*Brief*.
Although the records contain pictures, only their text should be set down, exactly as written.
---------- Record set ----------
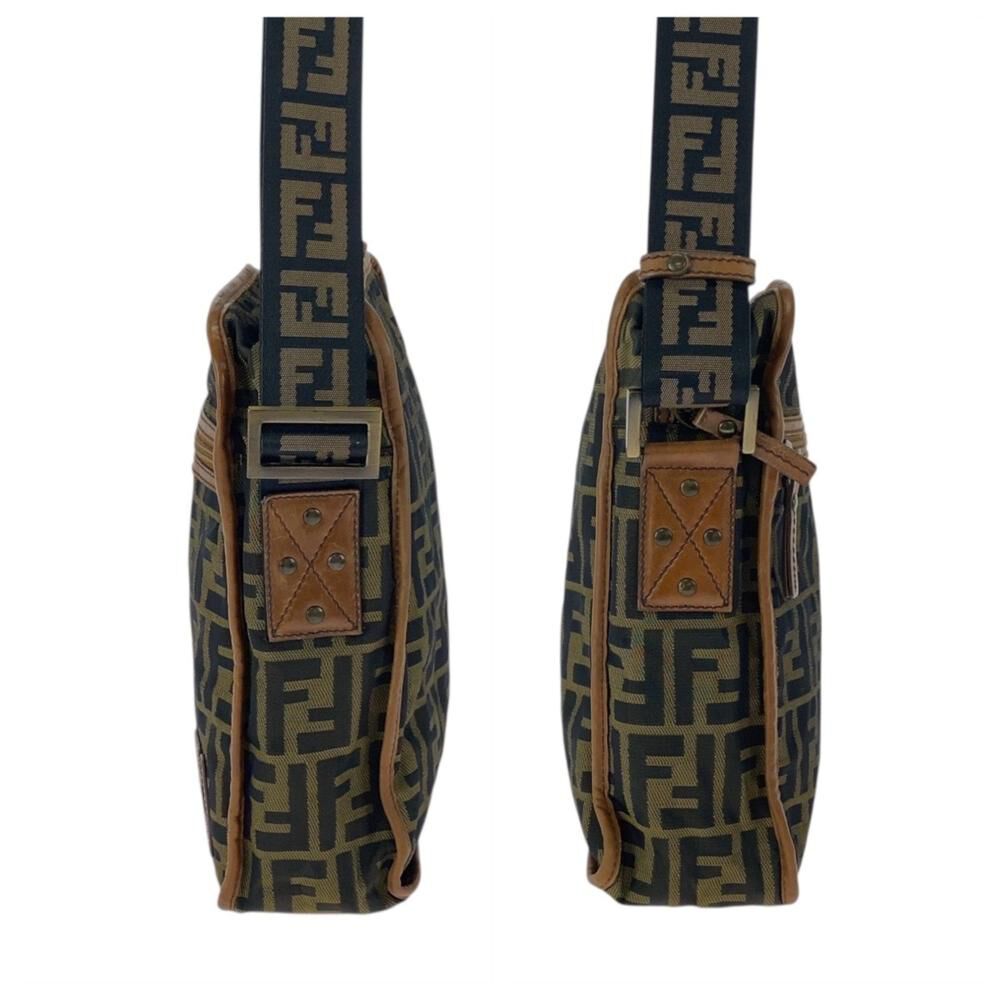 Fendi Zucca Pochette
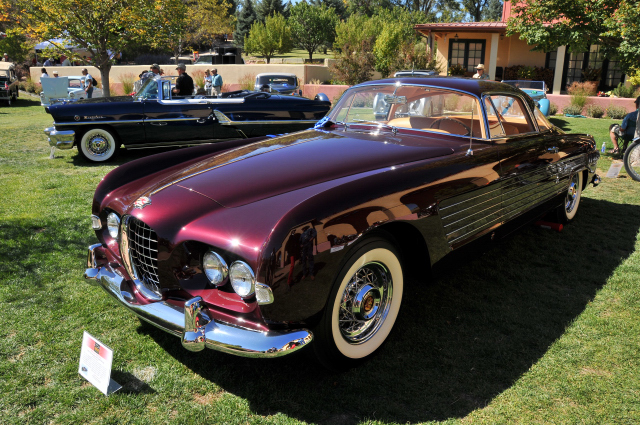 1953 Cadillac Series 62 Coupe by Ghia, from Petersen Automotive Museum, Los Angeles, CA, Best of Show -- Sports (1318)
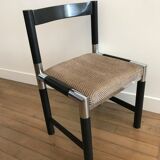 Suite of 4 chairs 70s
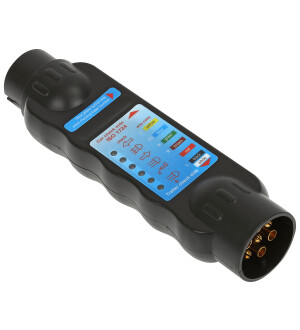 SÄHKÖTESTERI  7-NAPAINEN kuva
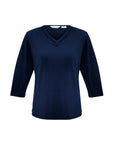 Biz Collection Ladies Lana 3/4 Sleeve Top (K819LT)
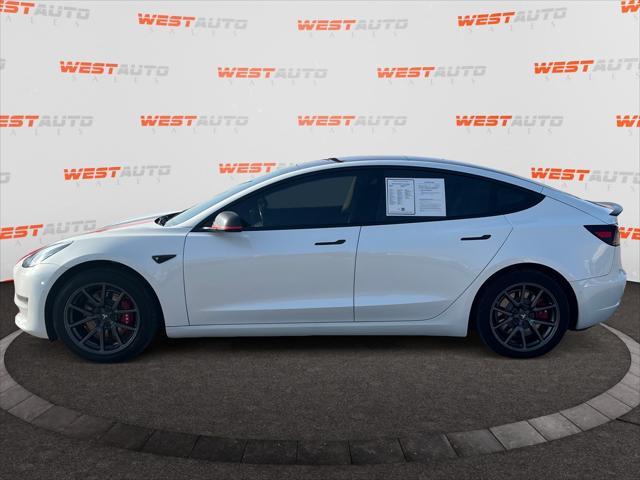 used 2018 Tesla Model 3 car, priced at $19,997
----------
*Solution for this exercise*.
 Fendi Zucca Pochette
 1953 Cadillac Series 62 Coupe by Ghia, from Petersen Automotive Museum, Los Angeles, CA, Best of Show -- Sports (1318)
 Suite of 4 chairs 70s
 SÄHKÖTESTERI  7-NAPAINEN kuva
 Biz Collection Ladies Lana 3/4 Sleeve Top (K819LT)
 used 2018 Tesla Model 3 car, priced at $19,997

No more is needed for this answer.